If consumers hit by a tough economy and scarce credit have stalled out new car sales, they're staying mobile either by hanging onto their current vehicles as long as possible or buying a used car instead.
The shift has helped prices for used vehicles climb in recent months, offering at least some opportunity for businesses who've lost new vehicle sales. But consumers' first choice seems to be to keep the cars they've already got going.
A new study by DriverSide.com and Kelton Research found four out of every five car owners in the United States planning to keep their current car longer because of the bad economy. The survey showed 82 percent of vehicle owners do not plan to get another car in the near future.
Moreover, almost nine out of 10 households from two important groups -- those who have an income of less than $40,000 and families with children -- indicated they will keep their vehicle longer than originally planned.
Often in the past, people traded a car or truck after three years because that's when leases often ended and warranties covering repair costs expired.
"The two- to three-year ownership cycle is dead," said Trevor Traina, founder and chairman of DriverSide, a Web site dedicated to helping people with all aspects of vehicle ownership.
"In a downturn economy, consumers focus automobile-related efforts on maintaining vehicles, minimizing operational expenses and preserving the vehicle's overall value," said Thilo Koslowski, vice president and automotive practice leader at Gartner Inc., a San Francisco analytic firm.
Meanwhile, sales of used cars are strong, even though such vehicles are costing a bit more. "Prices for used cars have actually gone up, and that's a positive sign," said David Cole, director of the Center for Automotive Research in Ann Arbor, Mich.
Officials for Kelley Blue Book, a respected source of information for those who buy and sell used cars, said values for trucks and SUVs alone have gone up 4.2 percent and 4.9 percent respectively during the last month.
That's, in part, because the value of those kinds of lower-gas-mileage vehicles had fallen significantly last year, according to Robyn Eckard, director of public relations for Kelley Blue Book. "It's not so much that values have increased dramatically, it's more because the market is now returning to normal levels."
Overall, domestic full-size car prices gained 1.1 percent and compact car prices gained 0.4 percent with mid-sized car prices dropping 1.4 percent during January. In addition, subcompacts saw small gains on top of their already high values.
Rob Cochran, who operates dealerships in Murrysville and Robinson, reported the used car market has firmed up locally as well. "Pricing at the used car auctions has gotten stronger, indicating that used car sales have strengthened both locally and nationally, and we hope that trend continues," he said.
The used car market has been volatile over the past six months, and Mr. Cochran expects some volatility going forward, given economic conditions.
Still he added, "There's a lot of value with used cars, and one of our big focal points now is to do what we can to expand our used car operations."
His company now has two or three people in other markets looking for opportunities to pick up cars and trucks. "We can bring back 10 or 20 examples of cars that are selling well, rather than just working with what's being traded in locally," Mr. Cochran said.

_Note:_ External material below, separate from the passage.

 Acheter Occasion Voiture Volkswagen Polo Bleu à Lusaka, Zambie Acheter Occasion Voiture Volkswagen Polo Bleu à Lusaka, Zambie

Reflecting the national trend, used small SUVs and crossovers are hot at Cochran No. 1.
"We've had great success with pre-owned Saturn Vues [a small SUV] and Saturn Outlooks [a crossover]. But I also think it's a function of being able to meet a price point for whatever model you are buying, whether it's a luxury model or a mid-sized SUV or whatever it is," he said.
Car dealers have become creative in trying to make sure credit is available to qualified buyers, said Ms. Eckard.
"Dealers have reached out to more banks, credit unions and different financial institutions, so the consumer now has various ways to qualify," she said.
Those who do get loans should expect a higher interest rate -- between 4 and 8 percent. Ms. Eckard said.
Right now, there's no particular brands of cars that are any hotter than others. In a slow economy, it's the deal, not the brand, that rules the day.